The California Highway Patrol imposed travel restrictions on a long stretch of Interstate 80 between Reno and Sacramento, requiring drivers to put chains on their tires.

“Last night, conditions deteriorated over Donner Summit causing a traffic mess,” the CHP's Truckee office said in a social media post early Friday.

On the bright side, California water officials said the storm should provide a much-needed shot in the arm to the Sierra snowpack, which is vital to the state’s water supplies and sits well below normal so far this season. Extreme weather continues to affect the ski industry, as U.S. ski areas could lose around $1 billion annually in coming years due to a changing climate, a new study found.

Palisades Tahoe ski resort wrote on X, formerly known as Twitter, that the big dump expected over the weekend on top of 8 feet of snow in February should allow them to keep the slopes open through Memorial Day.

Todd Cummings decided to drive from Santa Cruz to the Lake Tahoe area ahead of the storm. His destination, the Northstar resort, did open.

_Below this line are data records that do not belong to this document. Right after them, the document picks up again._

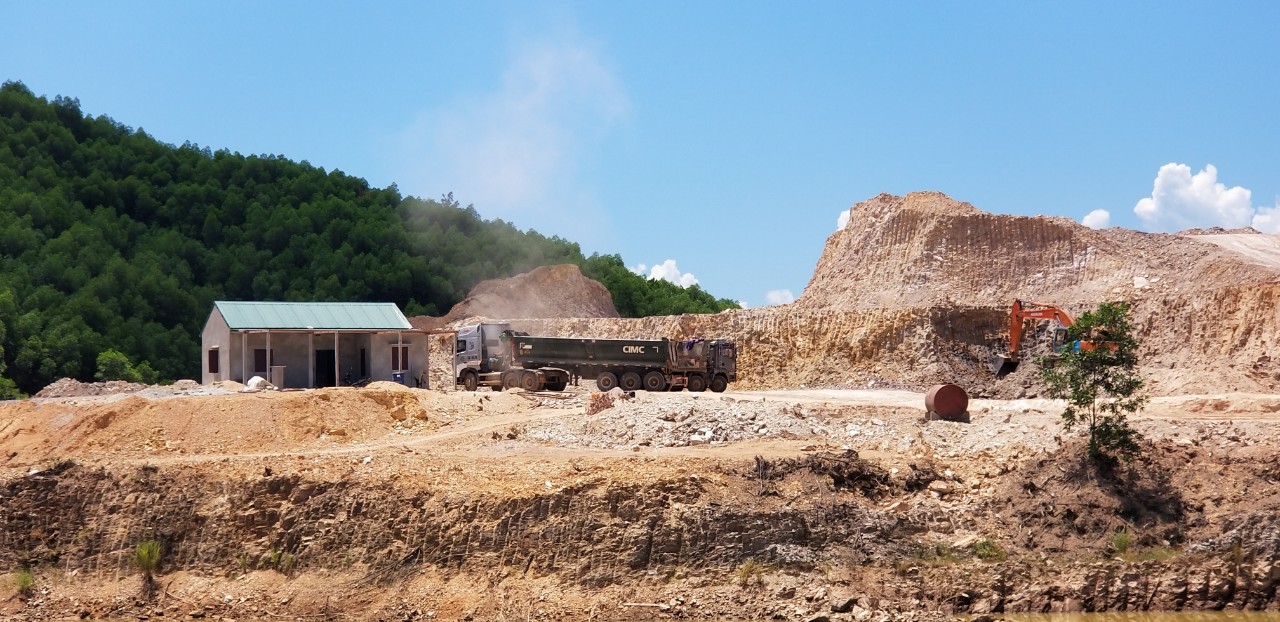 Thanh tra các mỏ vật liệu xây dựng trên địa bàn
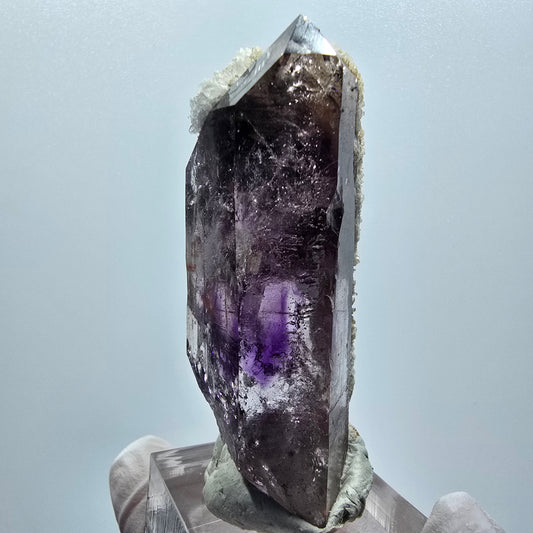 Enhydro Skelett Phantom Amethyst, Calcit, 1x Blase Goboboseb, Namibia 60*32*25mm
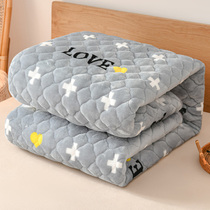 珊瑚牛奶法兰绒床垫软垫家用毛毯床褥子加绒学生宿舍铺床垫被垫褥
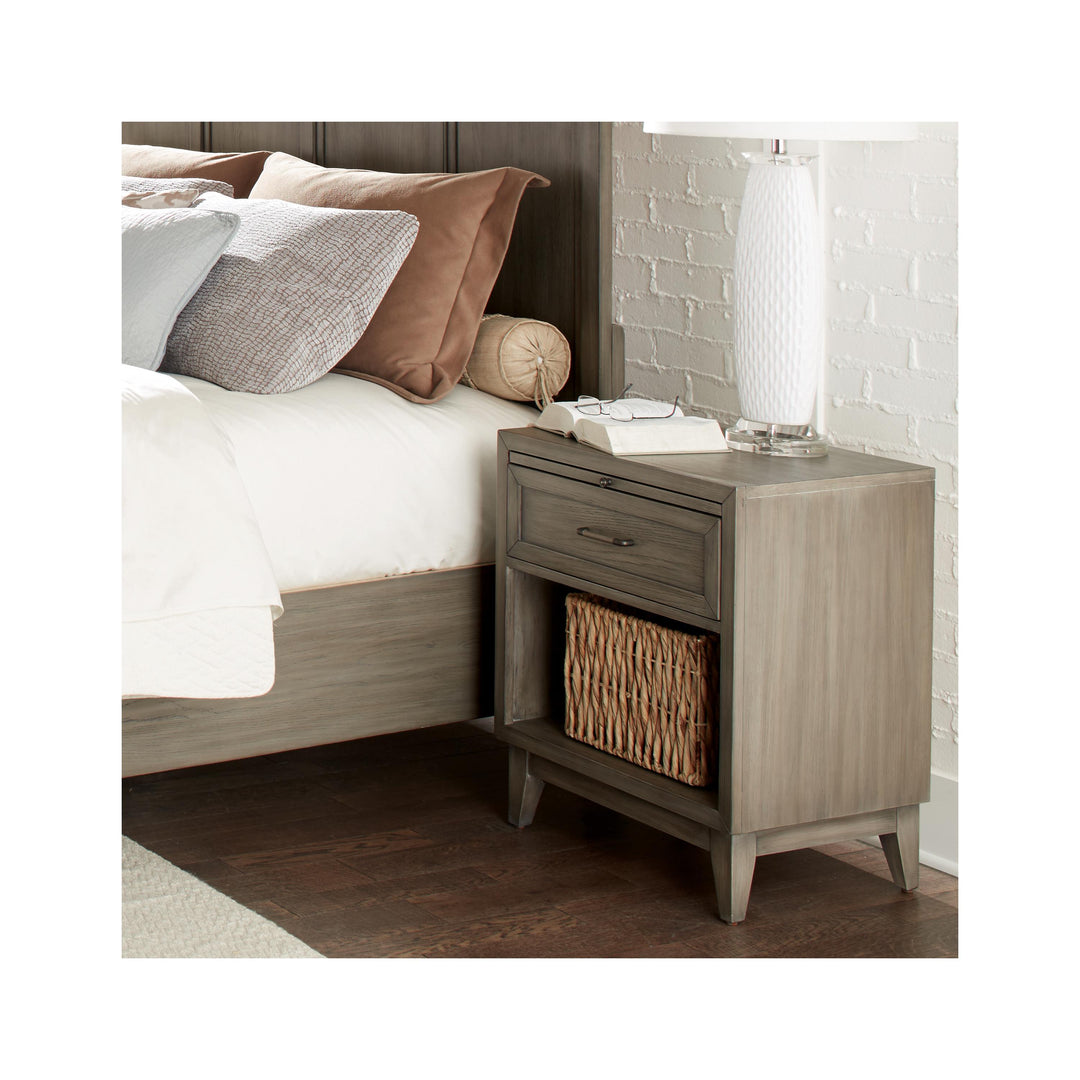 Vogue - One Drawer Nightstand - Gray Wash
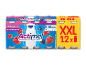 En 12-pakke bærsmagende yoghurtdrikke, med hindbær- og skovfrugtvarianter.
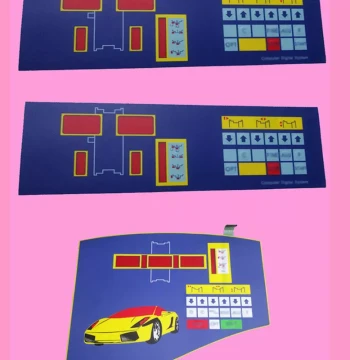 Tire Balancer Machine Accessories: Keypad Control Switch, Display Membrane Button Keyboard, Size Input Display Panel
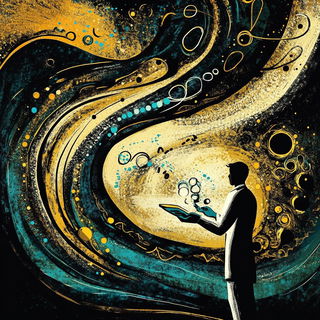 Chromavexillum style, Midjourney V6.1: editorial illustration for popular scientific magazine cover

The resort reported 17 inches of new snow and six of 19 lifts running by late morning.

“Nobody's here,” he said in a brief phone interview during his first chairlift ride of the day. “They have limited trails open but this lift goes to the top.”

Some remained skeptical it will be as bad as predicted.

Richard Cunningham said he has heard before about forecasts for the storm of the century that didn’t materialize since he moved from Las Vegas to Reno in 1997.

“Same story, different day,” he said. “Sometimes it doesn’t even snow.”

That was before blue skies gave way to clouds and gusty winds that blew the roof off a shed east of Reno Thursday afternoon.

Howie Nave, a radio DJ and stand-up comedian in South Lake Tahoe, said some people may not have been taking the storm seriously earlier in the week because dire forecasts of potentially heavy storms have not materialized several times this winter.

“There were times when I was expecting a Saint Bernard, but you gave me a Chihuahua,” Nave said about the weather forecasters.

But “everybody's talking about the storm up here,” he said. “This is the first time we've had a blizzard warning.”

The Sierra Nevada snowpack stood at 80% of average to date but only 70% of the typical April 1 peak, California Department of Water resources officials said Thursday.

“The results today show just how critical this upcoming month is going to be in terms of our water supply outlook for the upcoming year,” hydrometeorologist Angelique Fabbiani-Leon said during a briefing at Phillips Station, a snowpack-measuring location south of Lake Tahoe.